Fictional Name: Robert Johnson
Age: 54
Gender: Male
Location: Urban
Marital Status: Married
Children: Yes, 3
Income: $63,000
Education: Masters

Profession: Guidance Counselor

Goals and tasks: Robert is tasked with finding programs that his high school students might be interested. He is also responsible for assisting students with college applications and obtaining financial aid.

Concerns: Robert is concerned with the ease and speed of finding the sort of information he needs. He has been frustrated in the past where college websites have been difficult to navigate.

Concepts & Sketches

The page is laid out with the idea of a scrolling page. When a user clicks on one of the navigation buttons, they are automatically taken to the desired section of the page.

Student work is heavily shown in this concept. It is used throughout the web page design as well as having its own dedicated section on the page as well.

At the bottom of the page exists a contact form.

Perhaps a more simplified version of the previous concept, this web page has six boxes. When a user clicks on a box, the box’s content is “opened” revealing it’s content. The rest of the boxes are “pushed” out of the way to make room for the activated content. Once opened, the user can either click on a sub header at the top of the box, or at the bottom of the box to collapse it.



This wireframe illustrates a concept for the page a user would see. At the top, there is a header style image. It helps to create the sort of environment the student would find themselves in. I describe as “students at work”.

Below that we see six button like images that allow the user to select different parts of the page. I envision that once the user selects a destination, the page would scroll to that destination.

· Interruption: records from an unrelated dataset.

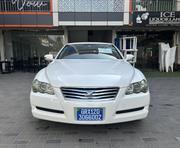 Toyota Mark X 2008 White for sale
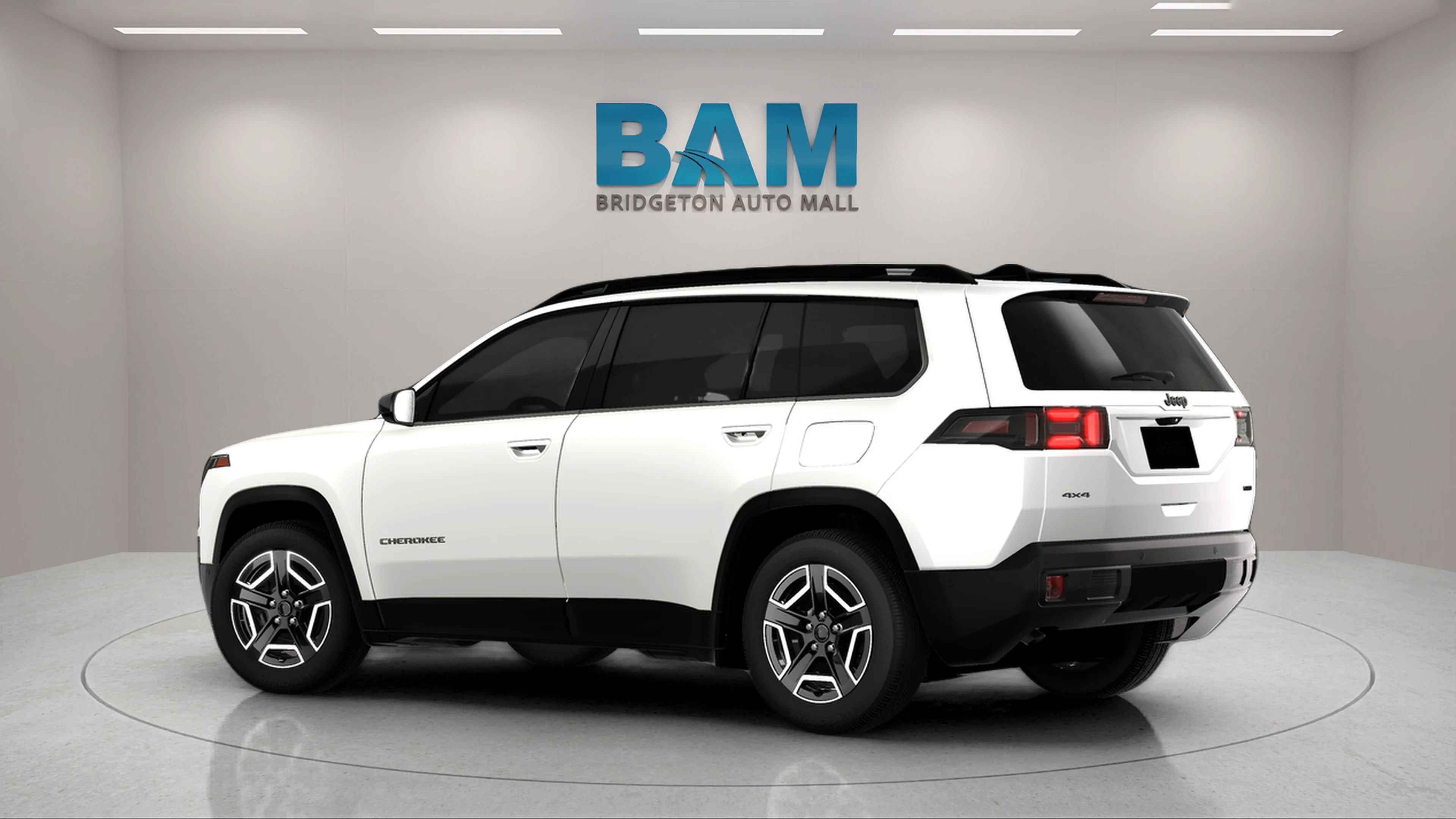 New 2026 Bright White Clearcoat Jeep Laredo image 11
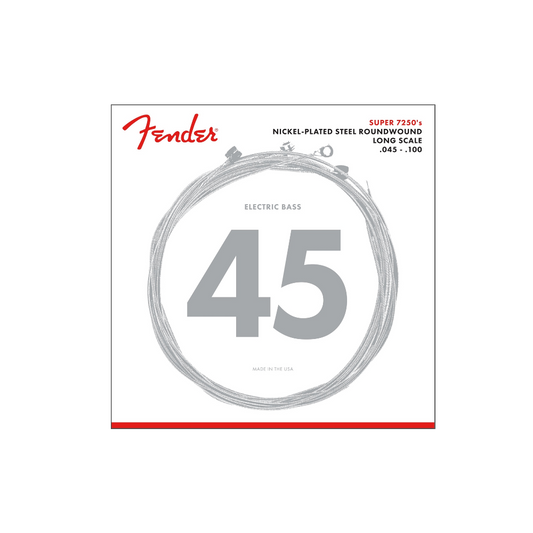 Fender 7250ML Bass Guitar Strings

Below the navigation is another “students at work” type image.

The next section illustrates highlights of the graphic design program. Very high level and is only meant to give the user a quick reference as to what the program is about.

Note: the top header image and navigation are persistent throughout the page, meaning they “stick” to the top.

Degree Overview: The information for each section under the navigation operate mostly the same way throughout the page. By doing this, the user can become familiar with how the page is laid out.

Curriculum: Similar layout to the Degree Overview.

Admission & Tuition: Similar layout to the Degree Overview.

Benefits: Similar layout to the Degree Overview.

Student Work: Here student work is showcased. Each image is contained within a grid. When a user click the image, it opens in a light box, allowing for detailed viewing.

Find out more today!: At the bottom of the page is a summary of the program and why it’s a good fit for a perspective graphic design student. There is a contact form the user can fill out to learn more about the program.



I decided to revamp the navigation system for the website. The image blocks in my comp version just wasn’t working. I decided to go with a simplified navigation bar, typical of most site.

For the image to the right, this is the initial state of the design. When a user comes to the site, they are able to either click on the navigation bar, or on the banners in the middle. When they do so, that section of the website expands.


Here is an example of the Degree Overview section expanded.

Here the page has been expanded fully showing the website. As the user scrolls down the page, they will see the different classes and other information with purple bars. Once clicked, these purple bars extend downwards, revealing information about that class or topic.